Data extract:
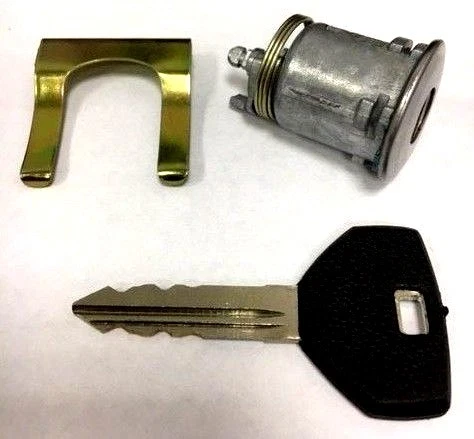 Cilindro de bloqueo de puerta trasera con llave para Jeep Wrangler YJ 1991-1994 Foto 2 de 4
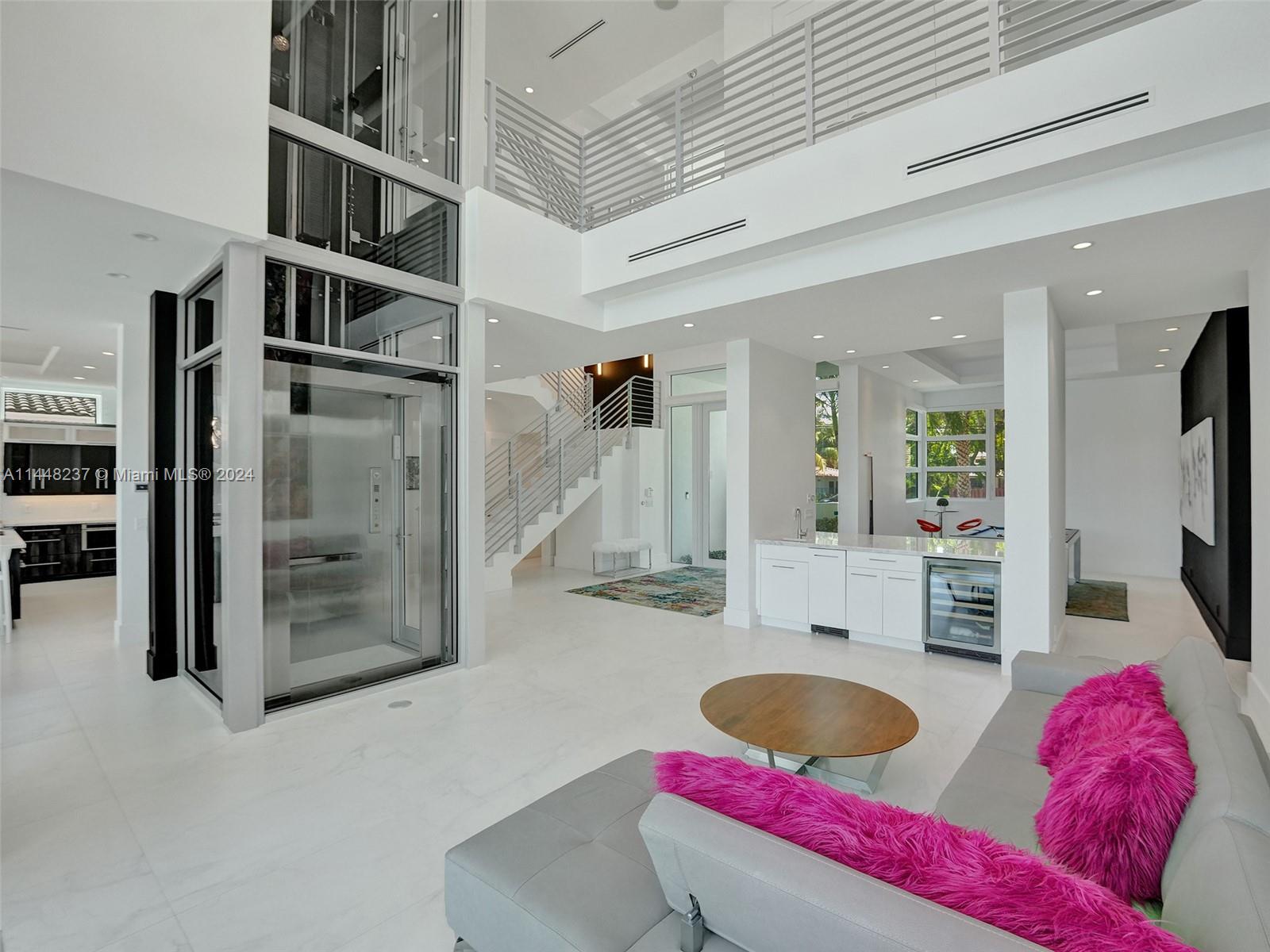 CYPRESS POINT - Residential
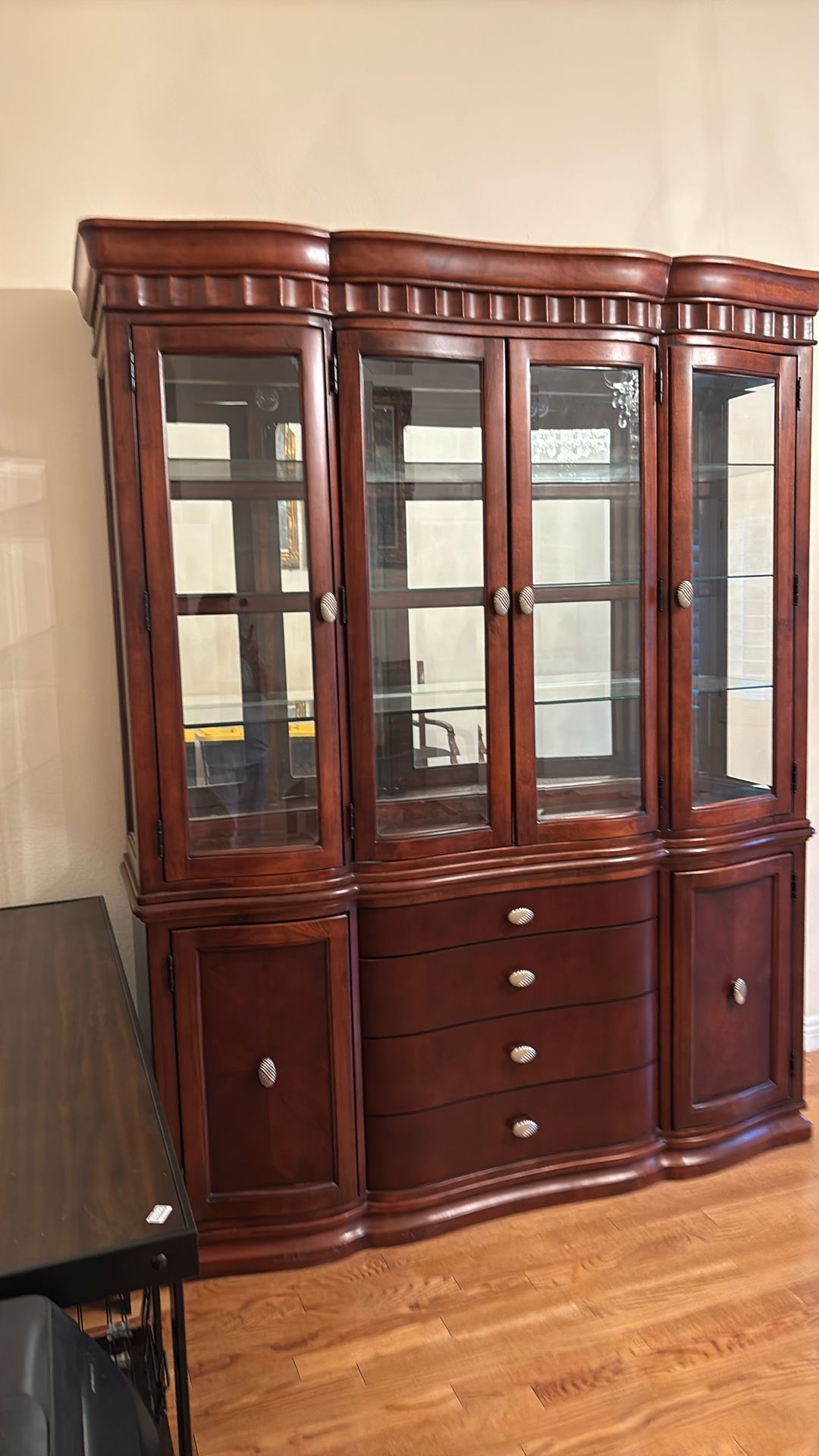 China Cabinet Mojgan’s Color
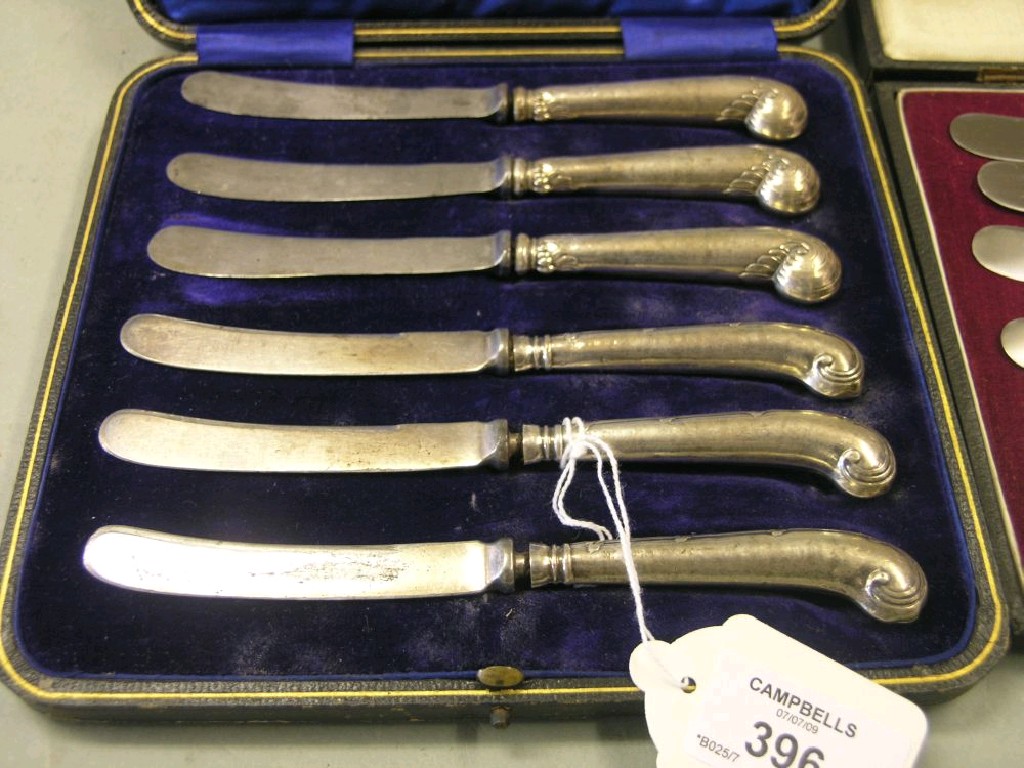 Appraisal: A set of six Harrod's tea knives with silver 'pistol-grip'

Task instructions: Dropping every picture, restate the material word for word.

Exercise output:
 Cilindro de bloqueo de puerta trasera con llave para Jeep Wrangler YJ 1991-1994 Foto 2 de 4
 CYPRESS POINT - Residential
 China Cabinet Mojgan’s Color
 Appraisal: A set of six Harrod's tea knives with silver 'pistol-grip'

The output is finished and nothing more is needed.